[Records from a data collection]
━━━━━━━━

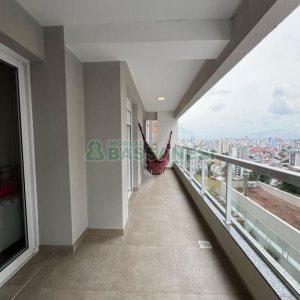 Apartamento com 102m², 3 dormitórios, 2 vagas, no bairro Madureira em Caxias do Sul para Comprar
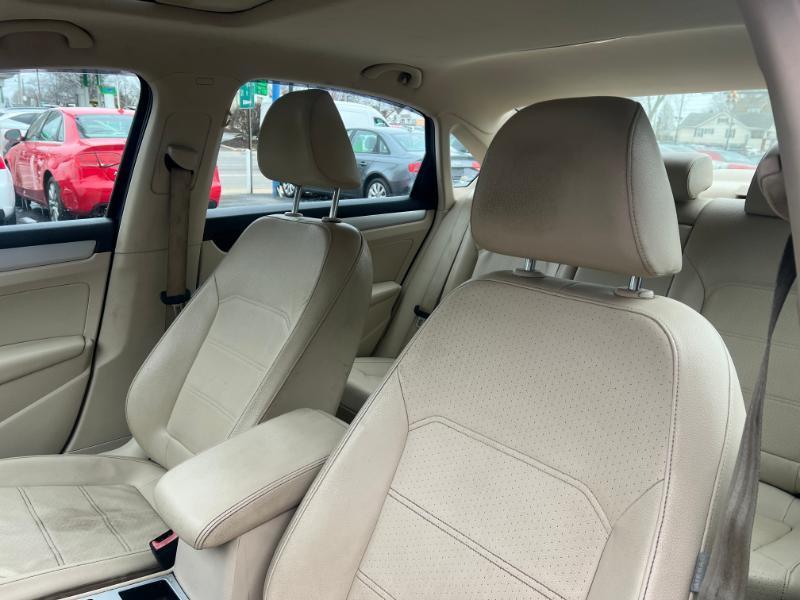 Volkswagen Passat 2.0L TDI SEL2 2012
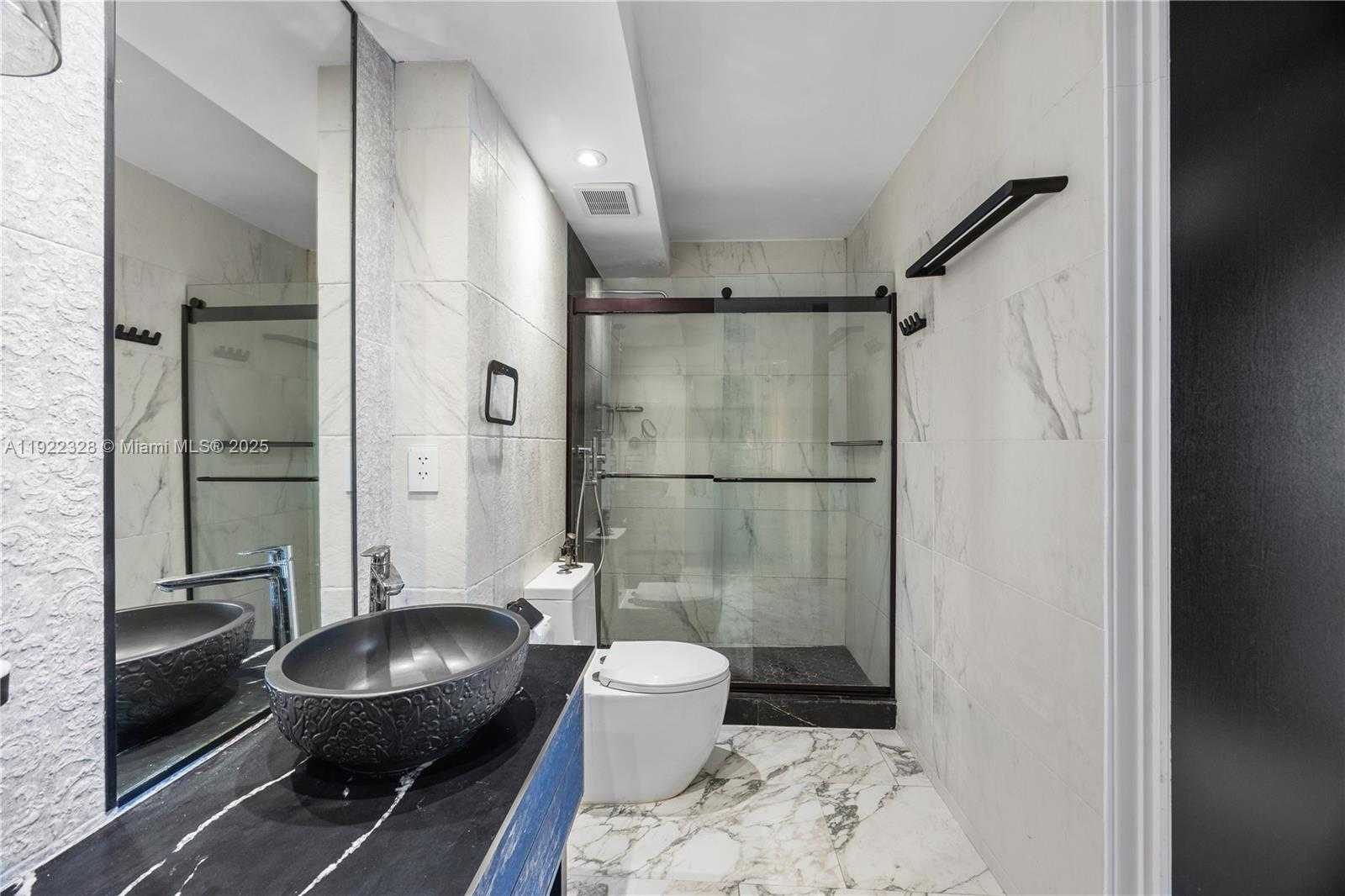 Imagen de Pequeño Objeto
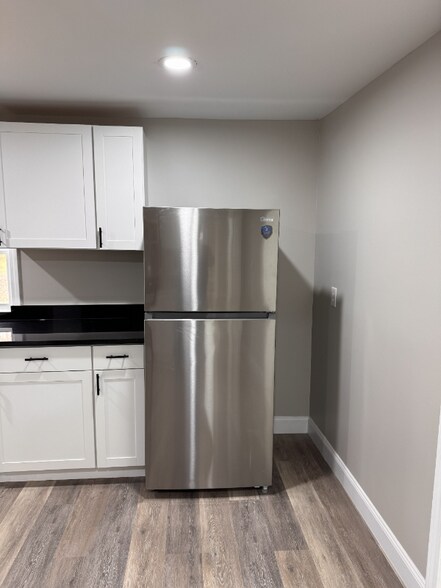 Building Photo - 296 Summer St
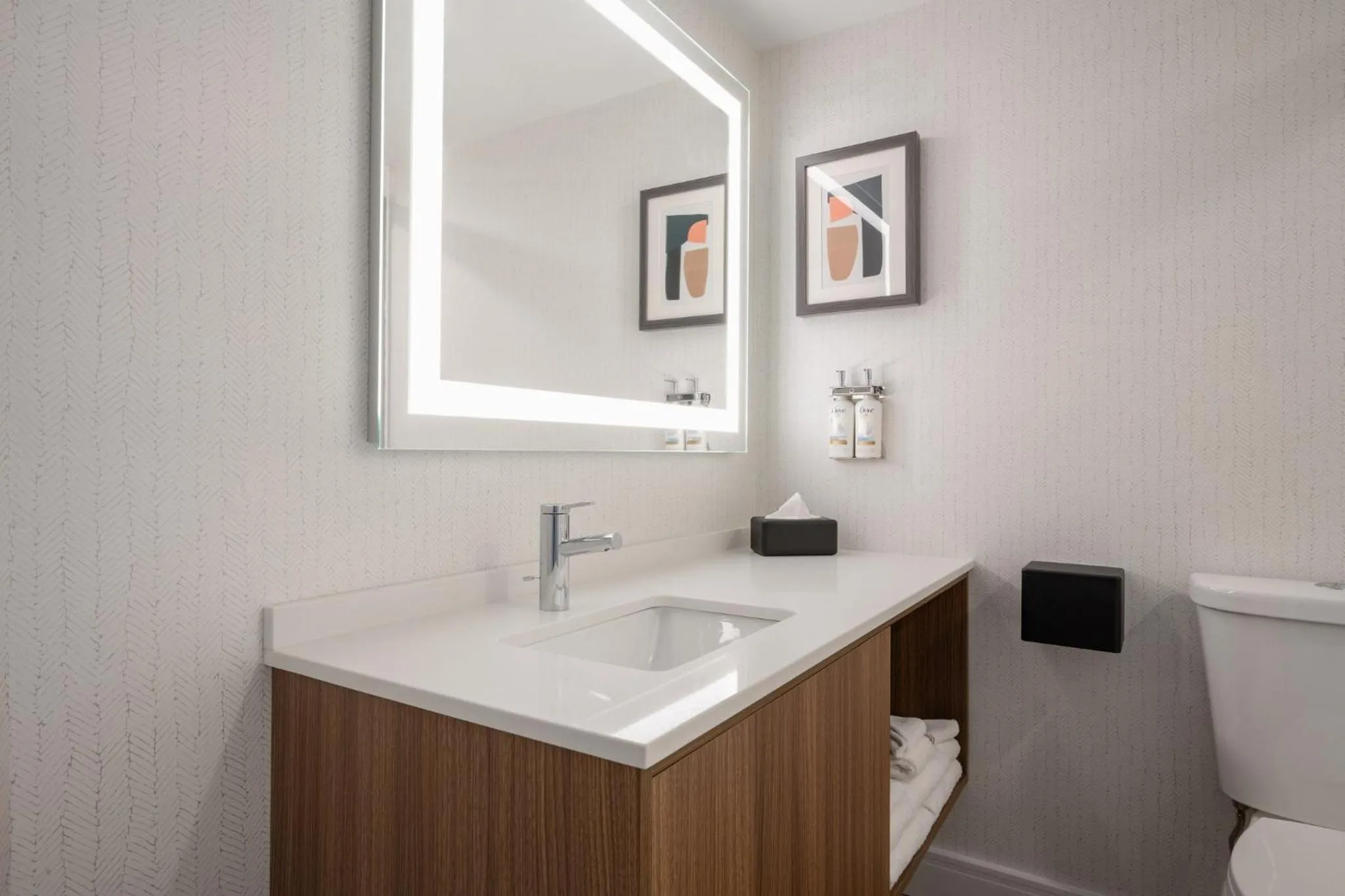 Photo of the whole room in Holiday Inn & Suites Winnipeg Downtown by IHG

━━━━━━━━

Without including any pictures, copy every line above exactly.

 Apartamento com 102m², 3 dormitórios, 2 vagas, no bairro Madureira em Caxias do Sul para Comprar
 Volkswagen Passat 2.0L TDI SEL2 2012
 Imagen de Pequeño Objeto
 Building Photo - 296 Summer St
 Photo of the whole room in Holiday Inn & Suites Winnipeg Downtown by IHG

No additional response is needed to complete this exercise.